Voy en el metro distraída, escuchando la voz monocorde que anuncia la próxima estación, y de pronto una mujer sentada frente a mí llama mi atención. Lleva cubierto su rostro con un velo o hiyab blanco que deja entrever unos brillantes ojos negros. En su pecho, ronronea un bebé con carita plácida. La mujer, ajena a la movida de viajeros que suben y bajan, acaricia despacio con su dedo índice las mejillas, la cabecita, la comisura de los labios de su pequeño y parece contar uno a uno sus dedos. La ternura y amor con que lo mima choca con la dureza del ejecutivo compulsivo de al lado, que gira con ansiedad las páginas de un diario, buscando alguna noticia que no hable de lo de siempre. Sigo mirando y más adelante una madre riñe a su hijo y le arregla con rabia el cuello del jersey. Y en la fila de atrás una joven, con el pelo pintado de naranja y cascos verdes en las orejas, tararea una canción que nadie escucha, mientras el chico de al lado trata de entablar una conversación que se queda en el aire.

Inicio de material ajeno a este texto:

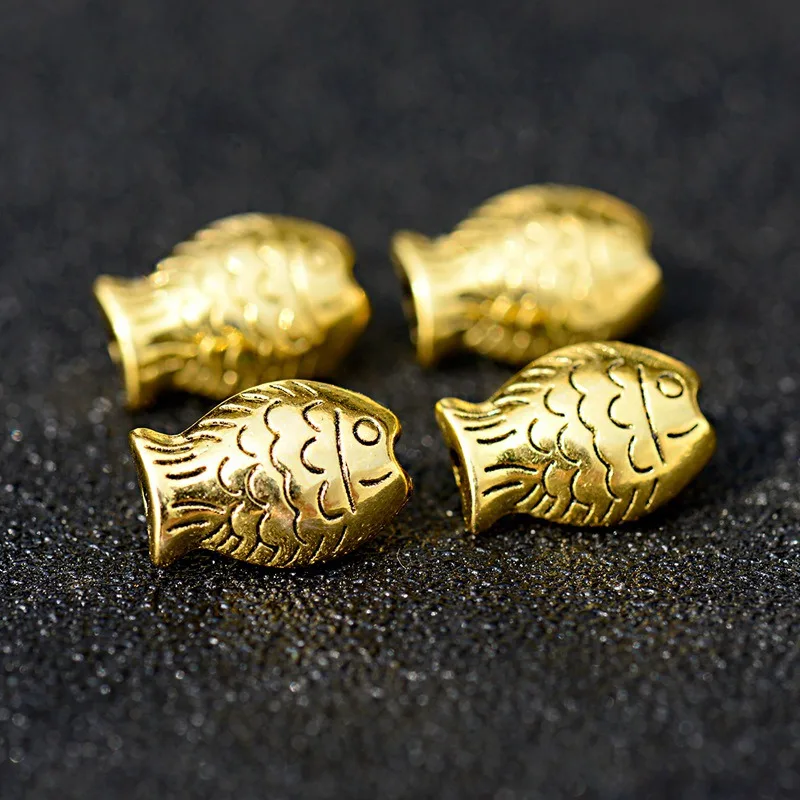 5PCS Gold Color Fish Shape Alloy Charm Spacer Beads For Making Bracelet Animal Metal DIY Accessorie BD238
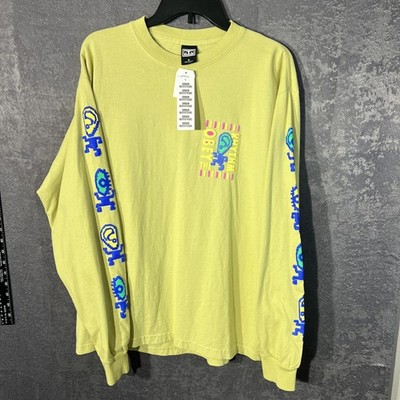 Obey The Rhythm Mens M Long Sleeve T-Shirt Lime Green Urban Outfitters NWT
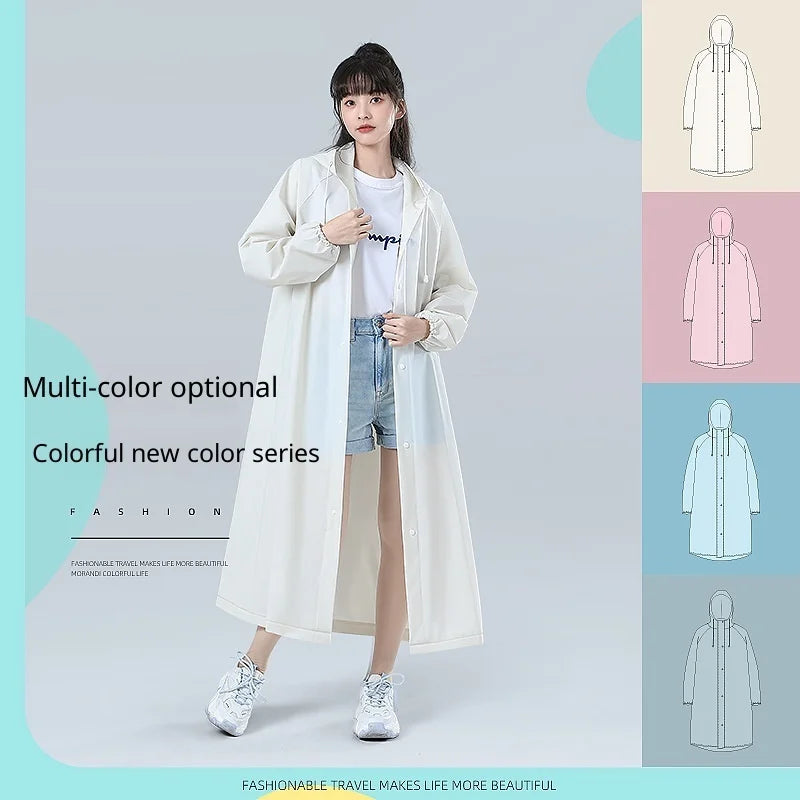 【Reusable EVA Raincoat】Transparent One-Piece Poncho for Adults Portable Outdoor Rainwear Eco-Friendly Waterproof EVA Material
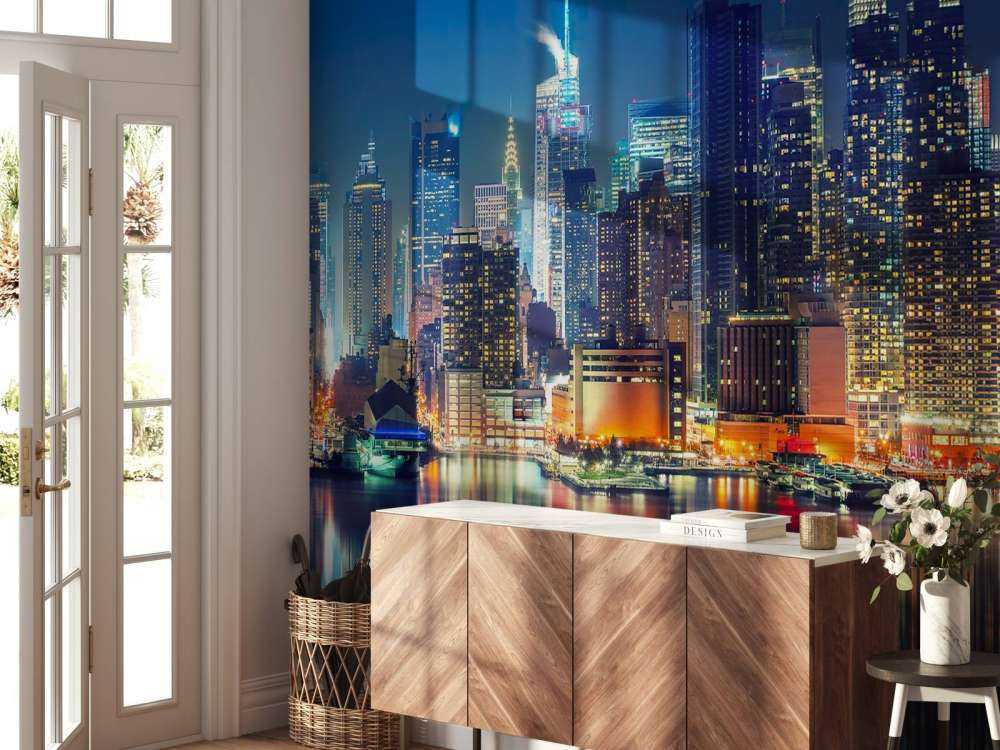 Photo wallpaper New York skyline at night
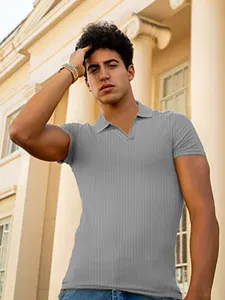 Detailed view of men's grey ribbed short sleeve polo shirt with lapel V-neck design.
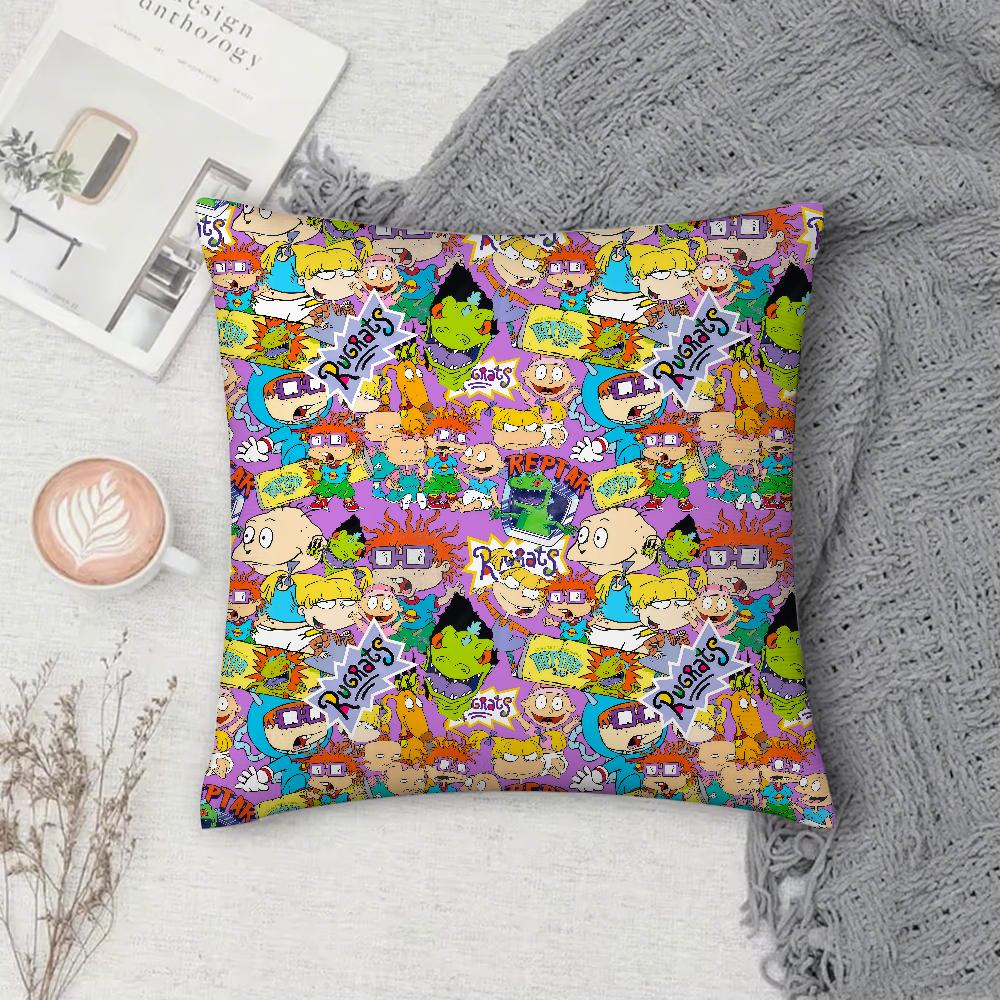 Cartoon R-Rugrats Pillow Case Square Double-Sided Printing Sofa Cushion Cover Pillowcase Bedroom Bedside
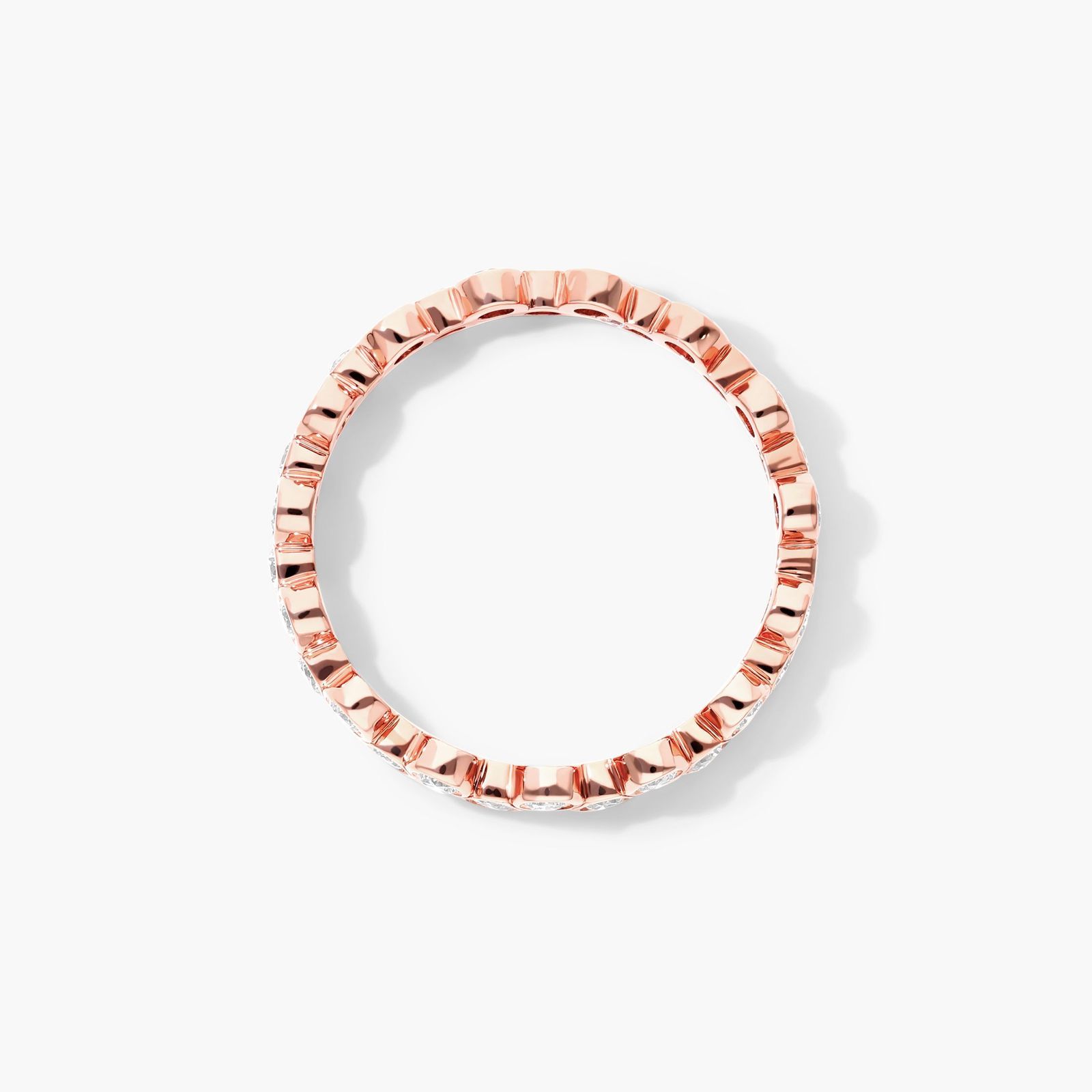 Crease Round Diamond Ring In 14K Rose Gold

Abro el libro que tengo sobre mis piernas y leo… "La oxitocina es la hormona de la ternura, del cuidado, de la maternidad… cuando se inyecta a una rata macho adopta posturas maternales…"
Levanto la mirada y busco la preciada oxitocina. Salvo la mujer del velo, sólo veo estrés, aburrimiento y soledad. Cuelgo un cartel en la pared de mi conciencia: ¡se necesita con urgencia donantes de oxitocina!